§ **TASK PROMPT**
Starting at the first line of the listing below, repeat each line exactly until the line containing "The Business plan is Wix's", which you include. Leave out pictures.

§ **DATA SHOWN**

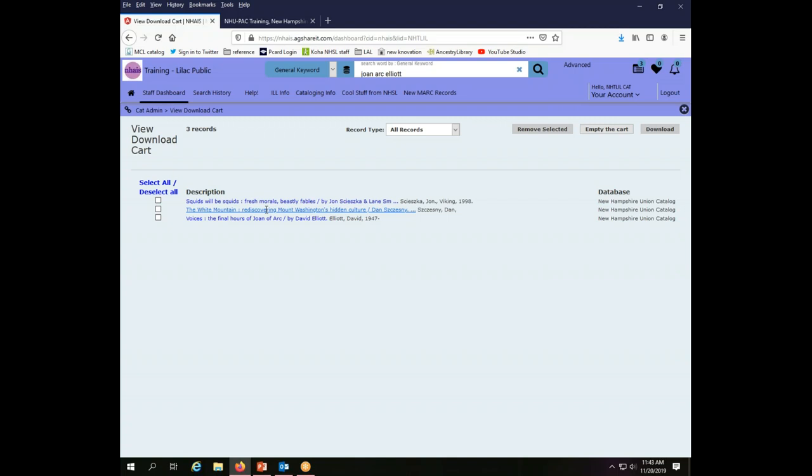So I can download these records from here. Before I show you how to do that I want to talk a little bit about why this is not an ideal workflow for a library that has multiple people cataloging. There is one download cart for your library's cataloging login, which means if multiple people are adding to it you have to keep track of which record was what and who did what and you have to empty the cart religiously and be sure that everything is cleaned out all the time. Otherwise you're going to end up deleting other people's records, re-downloading the same records that someone else had. If you are a library where only one person is using the cataloging password then the download cart is a perfectly good option for you to use.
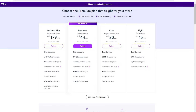The Business plan is Wix's recommended option and in my personal opinion offers the most value for money. Compared to Core, the pricing difference isn't massive, but you get significantly more — standard site analytics instead of basic, a standard marketing suite instead of basic, and a lot more storage space. If you're looking to start accepting payments and want better analytics, the Business plan is probably the best choice.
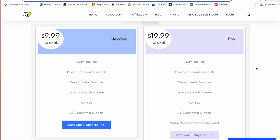Now that we have our CSV file downloaded, we're going to head over to Book Bolt and create our word search book. If you don't already have Book Bolt, you'll need the pro plan to access the puzzle creation software. I have a link below — you get a free three-day trial, and after that you can get 20% off using my coupon code, bringing it from $19.99 down to $16 a month. My link and coupon code are down below.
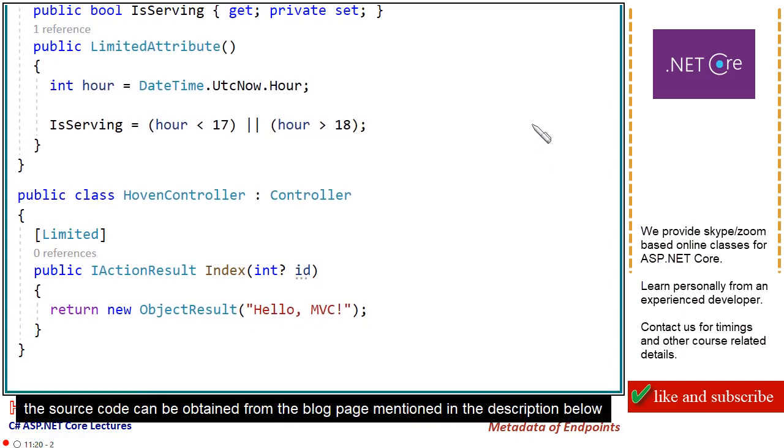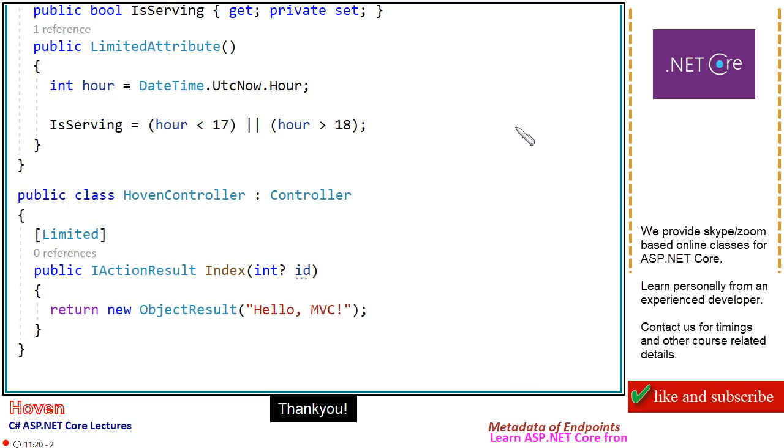The source code can be obtained from the blog page mentioned in the description below. Thank you.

§ **WRITTEN REPLY**
So I can download these records from here. Before I show you how to do that I want to talk a little bit about why this is not an ideal workflow for a library that has multiple people cataloging. There is one download cart for your library's cataloging login, which means if multiple people are adding to it you have to keep track of which record was what and who did what and you have to empty the cart religiously and be sure that everything is cleaned out all the time. Otherwise you're going to end up deleting other people's records, re-downloading the same records that someone else had. If you are a library where only one person is using the cataloging password then the download cart is a perfectly good option for you to use.
The Business plan is Wix's recommended option and in my personal opinion offers the most value for money. Compared to Core, the pricing difference isn't massive, but you get significantly more — standard site analytics instead of basic, a standard marketing suite instead of basic, and a lot more storage space. If you're looking to start accepting payments and want better analytics, the Business plan is probably the best choice.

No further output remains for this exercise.